### The problem
Please restate each line of the material word for word and omit any pictures.

==== Information shown ====

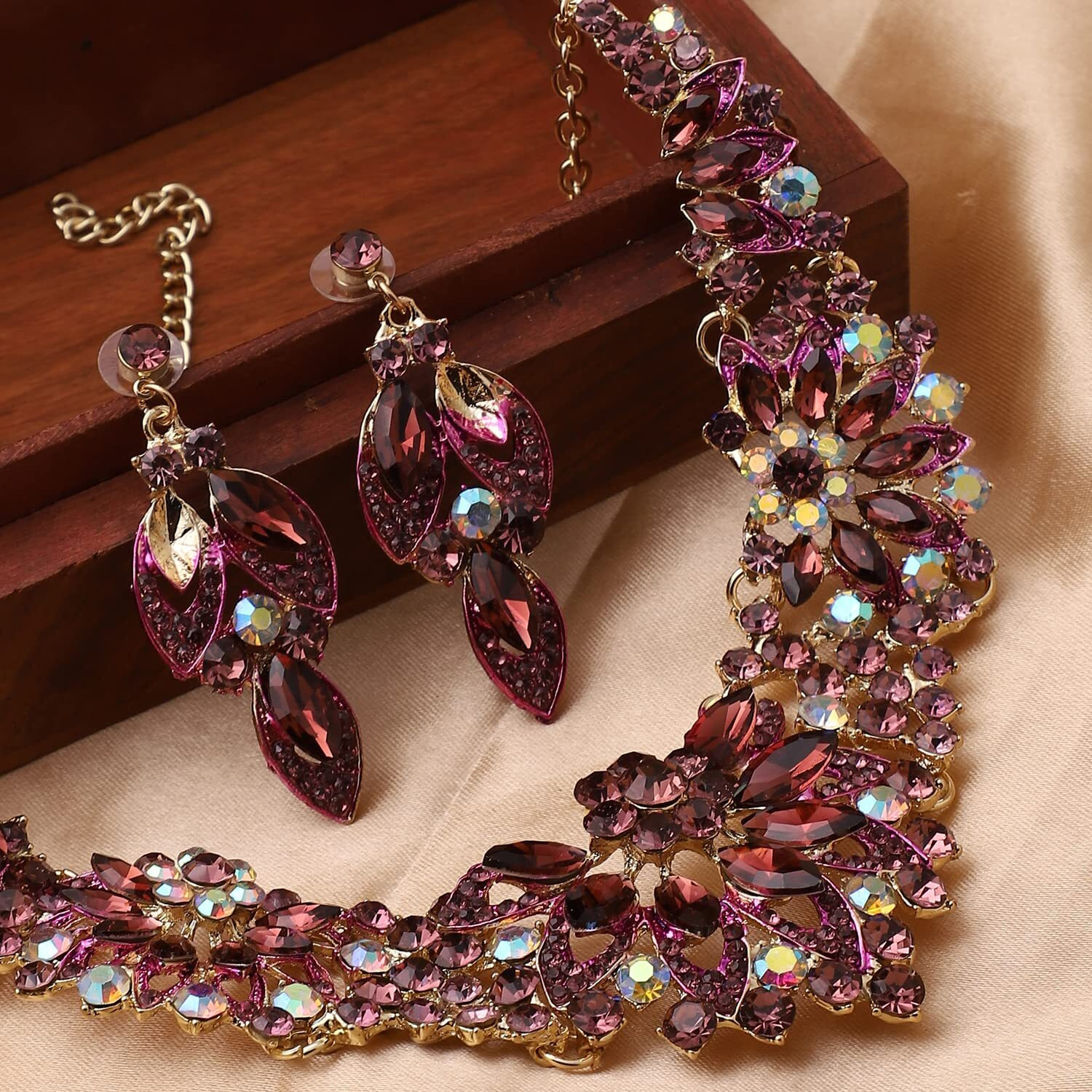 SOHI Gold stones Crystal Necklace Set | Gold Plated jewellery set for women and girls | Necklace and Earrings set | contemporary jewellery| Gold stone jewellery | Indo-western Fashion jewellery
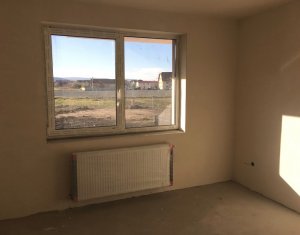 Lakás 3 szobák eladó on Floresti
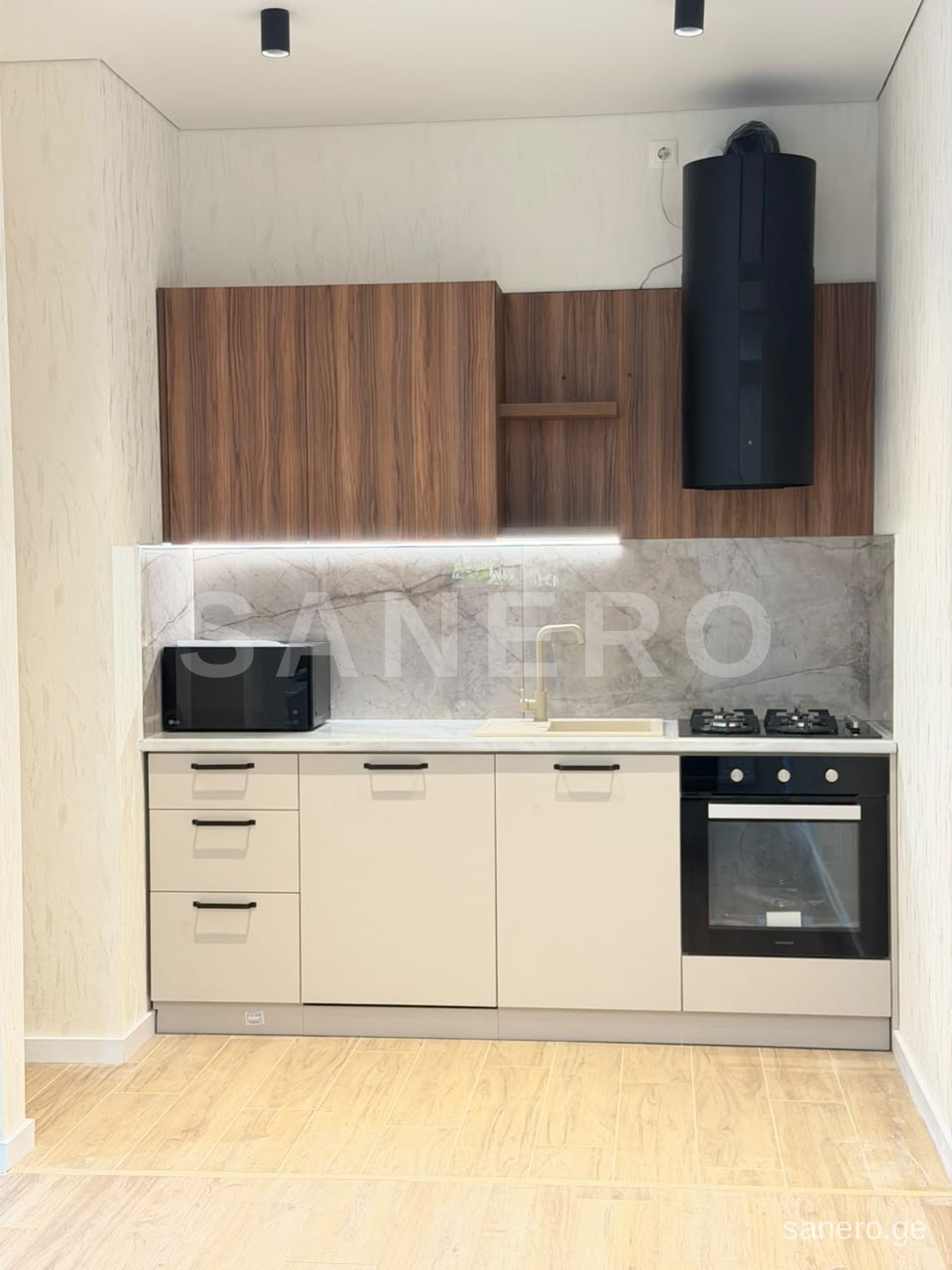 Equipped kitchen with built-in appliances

====

### Result of the task
 SOHI Gold stones Crystal Necklace Set | Gold Plated jewellery set for women and girls | Necklace and Earrings set | contemporary jewellery| Gold stone jewellery | Indo-western Fashion jewellery
 Lakás 3 szobák eladó on Floresti
 Equipped kitchen with built-in appliances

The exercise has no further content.